Asan Institute for Life Sciences, University of Ulsan College of Medicine, Seoul, Korea.
Department of Pediatrics, Chung-Ang University Hospital, Seoul, Korea.
J Hum Genet. 2017 Dec;62(12):1023-1029. doi: 10.1038/jhg.2017.87. Epub 2017 Aug 31.

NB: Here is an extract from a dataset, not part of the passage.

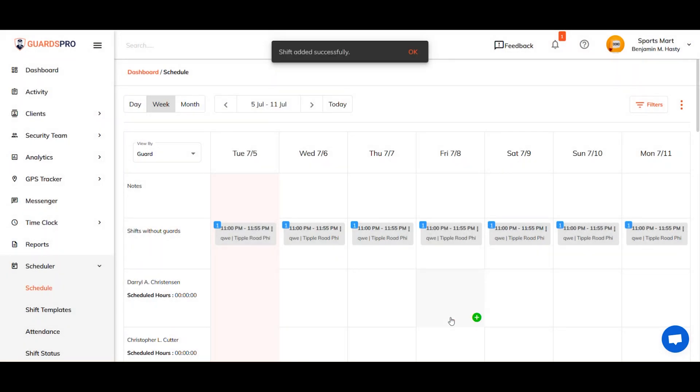When you hit save, the shift is saved as an unpublished shift, which you can publish at some future date.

Kawasaki disease (KD), a systemic vasculitis of infants and children, manifests as fever and mucocutaneous inflammation. Although its etiology is largely unknown, the epidemiological data suggest that genetic factors are important in KD susceptibility. To identify genetic variants influencing KD susceptibility, we performed a genome-wide association study (GWAS) and replication study using a total of 915 children with KD and 4553 controls in the Korean population. Six single-nucleotide polymorphisms (SNPs) in three loci were associated significantly with KD susceptibility (P<1.0 × 10), including the previously reported BLK locus (rs6993775, odds ratio (OR)=1.52, P=2.52 × 10). The other two loci were newly identified: NMNAT2 on chromosome 1q25.3 (rs2078087, OR=1.33, P=1.15 × 10) and the human leukocyte antigen (HLA) region on chromosome 6p21.3 (HLA-C, HLA-B, MICA and HCP5) (rs9380242, rs9378199, rs9266669 and rs6938467; OR=1.33-1.51, P=8.93 × 10 to 5.24 × 10). Additionally, SNP rs17280682 in NLRP14 was associated significantly with KD with a family history (18 cases vs 4553 controls, OR=6.76, P=5.46 × 10). These results provide new insights into the pathogenesis and pathophysiology of KD.
川崎病(KD)是一种婴儿和儿童全身性血管炎,表现为发热和黏膜皮肤炎症。尽管其病因在很大程度上尚不清楚,但流行病学数据表明,遗传因素在 KD 易感性中起重要作用。为了确定影响 KD 易感性的遗传变异,我们在韩国人群中进行了一项全基因组关联研究(GWAS)和复制研究,共纳入了 915 例 KD 患儿和 4553 名对照。三个基因座的 6 个单核苷酸多态性(SNPs)与 KD 易感性显著相关(P<1.0×10),包括先前报道的 BLK 基因座(rs6993775,优势比(OR)=1.52,P=2.52×10)。另外两个基因座是新发现的:染色体 1q25.3 上的 NMNAT2(rs2078087,OR=1.33,P=1.15×10)和染色体 6p21.3 上的人类白细胞抗原(HLA)区域(HLA-C、HLA-B、MICA 和 HCP5)(rs9380242、rs9378199、rs9266669 和 rs6938467;OR=1.33-1.51,P=8.93×10 至 5.24×10)。此外,NLRP14 中的 SNP rs17280682 与有家族史的 KD 显著相关(18 例 vs 4553 例对照,OR=6.76,P=5.46×10)。这些结果为 KD 的发病机制和病理生理学提供了新的见解。